## Work order
Return nothing but the lines from the line with "1083 Boulder Dr, Craig, CO 81625" through the last line of the entries that follow, copied exactly and free of pictures.

## Input data
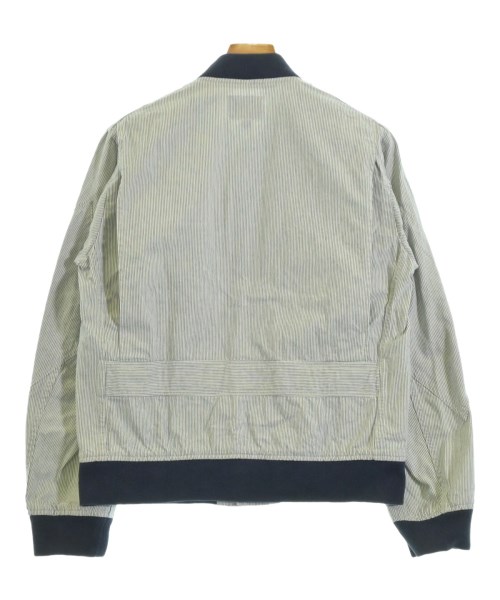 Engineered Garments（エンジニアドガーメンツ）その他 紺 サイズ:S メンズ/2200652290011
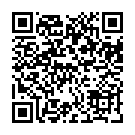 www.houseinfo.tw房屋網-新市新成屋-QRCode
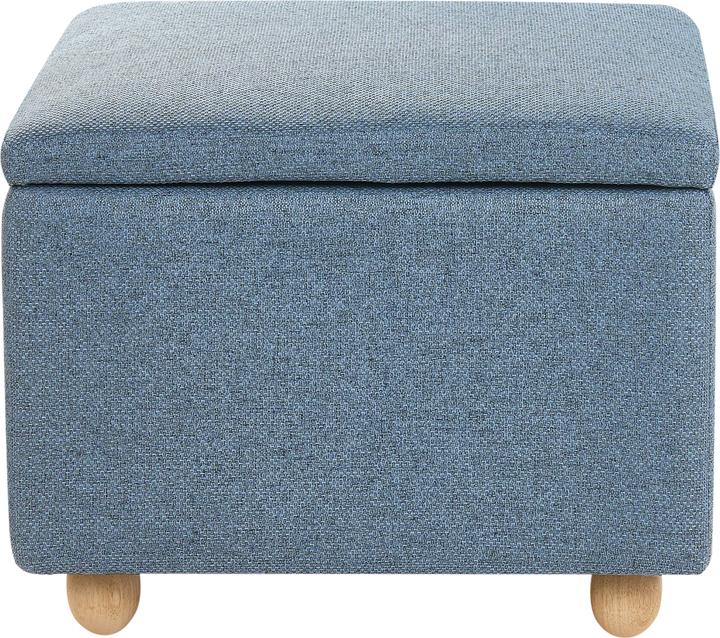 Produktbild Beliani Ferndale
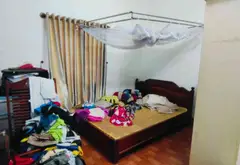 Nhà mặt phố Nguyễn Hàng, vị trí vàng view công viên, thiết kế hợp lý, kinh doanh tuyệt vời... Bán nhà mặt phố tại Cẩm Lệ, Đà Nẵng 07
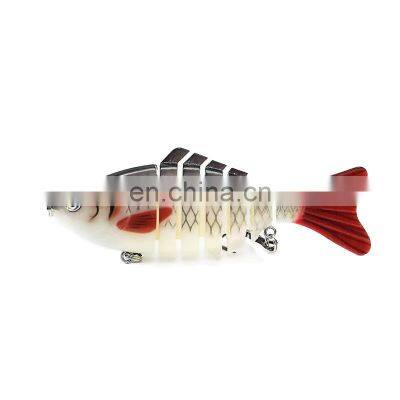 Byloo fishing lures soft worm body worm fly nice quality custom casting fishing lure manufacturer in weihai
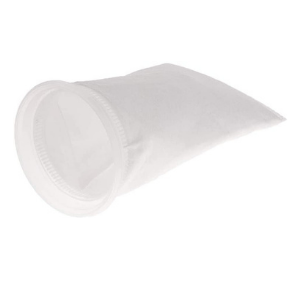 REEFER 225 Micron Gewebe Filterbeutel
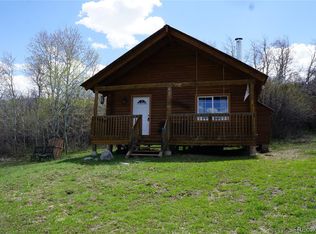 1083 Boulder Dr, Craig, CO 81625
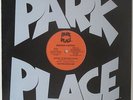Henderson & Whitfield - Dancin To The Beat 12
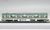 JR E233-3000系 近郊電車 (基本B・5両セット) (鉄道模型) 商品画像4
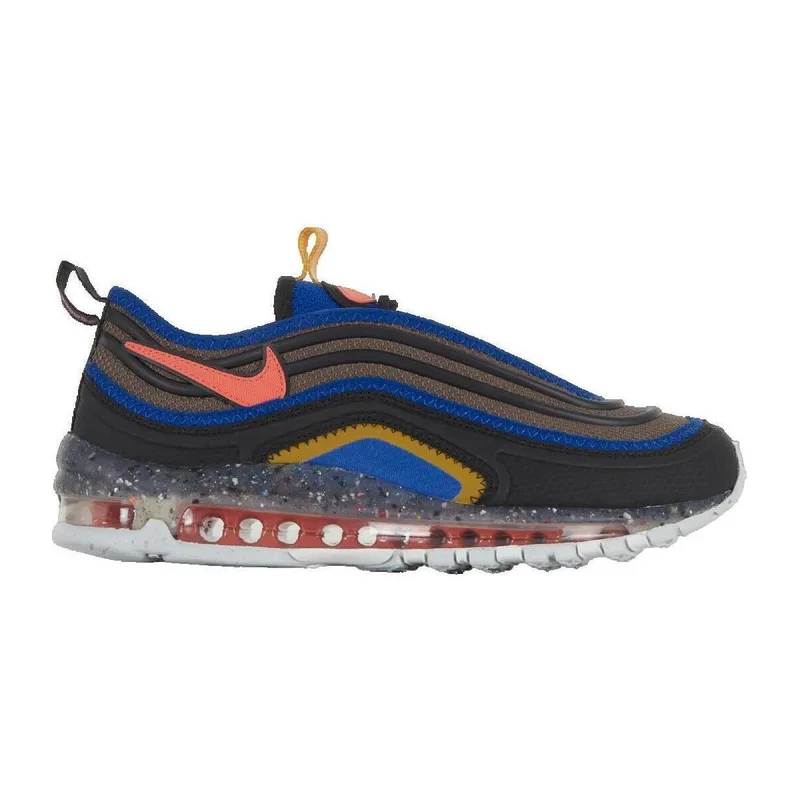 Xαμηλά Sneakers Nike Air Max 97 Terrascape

## Answer box
 1083 Boulder Dr, Craig, CO 81625
Henderson & Whitfield - Dancin To The Beat 12
 JR E233-3000系 近郊電車 (基本B・5両セット) (鉄道模型) 商品画像4
 Xαμηλά Sneakers Nike Air Max 97 Terrascape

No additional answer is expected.